Сделать все то, что делают в баре мужчины и женщины, которые знают, чем закончится вечер, но все-таки играют в эту вечную игру во флирт.
Но мы постоянно цепляемся друг за друга взглядами, пальцами. Качнувшись соприкасаемся бедрами, дышим одним воздухом, напоенным соком винограда.
— Можно задать один вопрос? — медленно говорит он.
— Всего один?
— Вокруг тебя сегодня было целых трое мужчин, смотрящих на тебя не безразлично. Кто же из них — твой?
На мгновение опускаю глаза, пряча в них отблески стыда.
Но поднимаю и наглею:
— Тогда я тоже задам вопрос, на который ты пообещаешь ответить!
— Любой.
Он отпивает глоток вина, которое пачкает его губы темно-красным, и мне так хочется его слизнуть…
— Кто ты такой? — торопливо спрашиваю я. Понимаю, что получилось путано и пытаюсь уточнить: — В смысле, ты тут главный или…
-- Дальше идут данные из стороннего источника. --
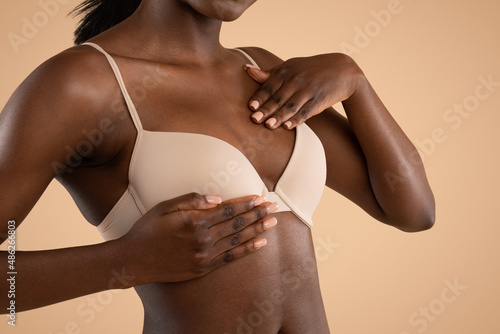 Breast screening concept. Blak lady in bra rubbing her breast photo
— Человек, который сегодня купил компанию, сделавшую твою любимую игру, прерывает он меня спокойно.
— Что?! — ахаю я. — Как? Когда? Что ты будешь с ней делать?
— Превращать в эффективное предприятие, которое поддерживает волшебный мир, который ты создала.
— Я создала? — удивляюсь. — Я только перевела.
— Да… «Только», — усмехается он. — Именно поэтому мне уже нажаловались на российский филиал, который во время разработки национального дополнения присылал столько правок, что половина программистов работала на них. Ни одной модели здания, внешности местного жителя, квеста не было одобрено с первого раза.
Где-то на полпути он переходит на английский. Видимо, работу ему проще обсуждать так.
— Нет, ну а что мне было делать! — защищаюсь я. — Если они присылают православный храм с матрешками вместо куполов! Если у них сарафаны на героинях — это перекрашенный корейский ханбок! А что они сделали с квестами, которые я попросила! У меня была богиня весны, у которой разбежались кролики из загона, а мне прислали богиню весны, у которой проблема с собачками — они не могут покакать!
От возмущения я делаю длинный глоток вина, едва чувствуя его вкус. Тепло разливается по коже, язык становится бойким, а возмущение — сильнее.
— Прости, что? — он хмурится.
Я надеялась, что на собачках он улыбнется. Все мои знакомые ржали, как кони, когда слышали эту историю.
Но из песни слова не выкинешь, и я развожу руками:
— Я в курсе, что у азиатов другие отношения с физиологическими потребностями, но как объяснить нашим игрокам, почему в дополнении по мотивам славянской культуры бегают собачки, которые не могут просраться?!
— Я так и думал, что проект вела ты.
— Нет, конечно! Я просто редактировала! — открещиваюсь я. — И не так уж много было правок! Где могла, я просто переписывала текст, не дергая никого. И даже скрипты сама переделывала. Но не оставлять же эти псевдо-сарафаны?
— Игроков за пределами России намного больше, а им нужна не достоверность, а яркость, — говорит Дионис, и в мой бокал льется темный водопад с розовой пеной.